What you are asked to do: In the copy, include all of the listing exactly and none of its pictures.

Data to examine:
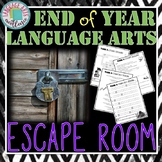 Preview of End of Year ELA Escape Room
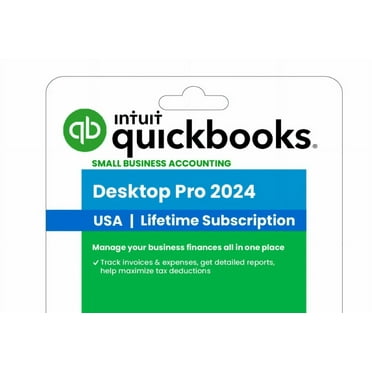 Quick Books Desktop Pro 2024 - Lifetime License No Expiry - Fast Walmart Message Delivery 1-6 Hours - For Windows
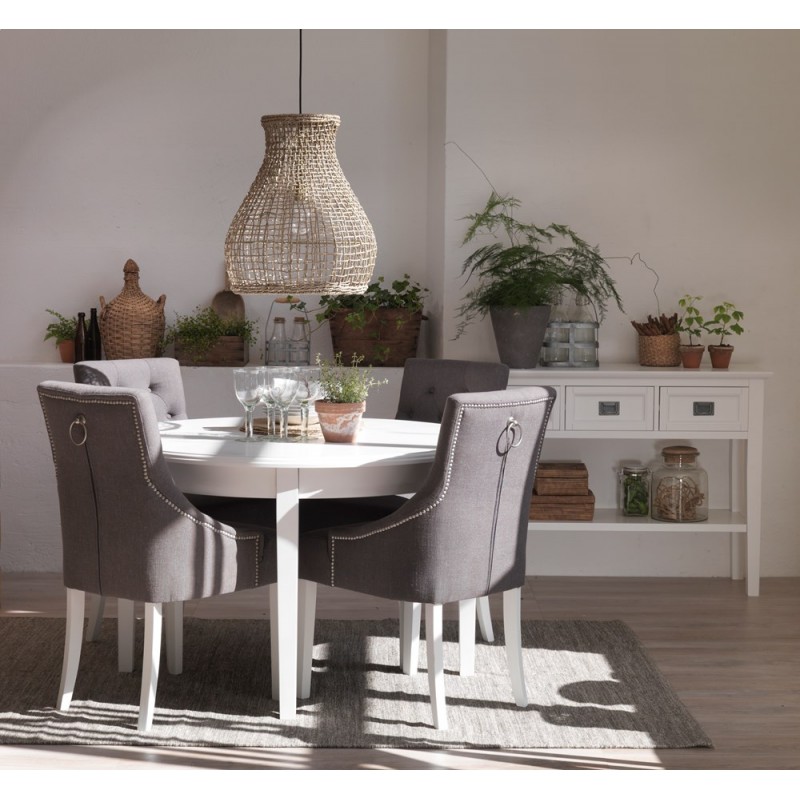 RO Stell Dining Chair Grey/White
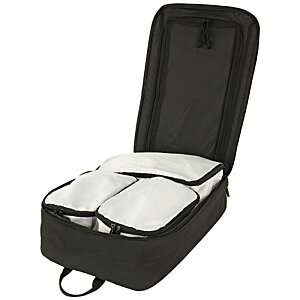 Additional Image 2 - a black suitcase with a white cover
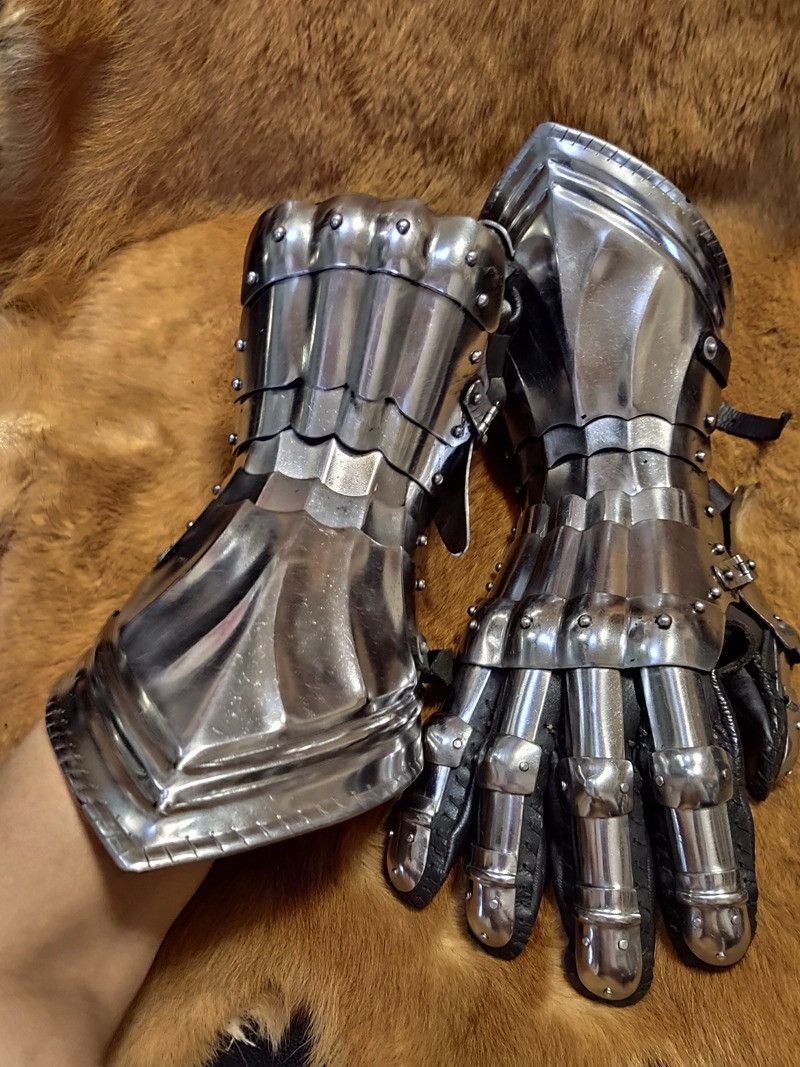Japanese Brand × Vintage Vintage Medieval Handmade Gloves Size ONE SIZE - 2 Thumbnail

Solution:
 Preview of End of Year ELA Escape Room
 Quick Books Desktop Pro 2024 - Lifetime License No Expiry - Fast Walmart Message Delivery 1-6 Hours - For Windows
 RO Stell Dining Chair Grey/White
 Additional Image 2 - a black suitcase with a white cover
Japanese Brand × Vintage Vintage Medieval Handmade Gloves Size ONE SIZE - 2 Thumbnail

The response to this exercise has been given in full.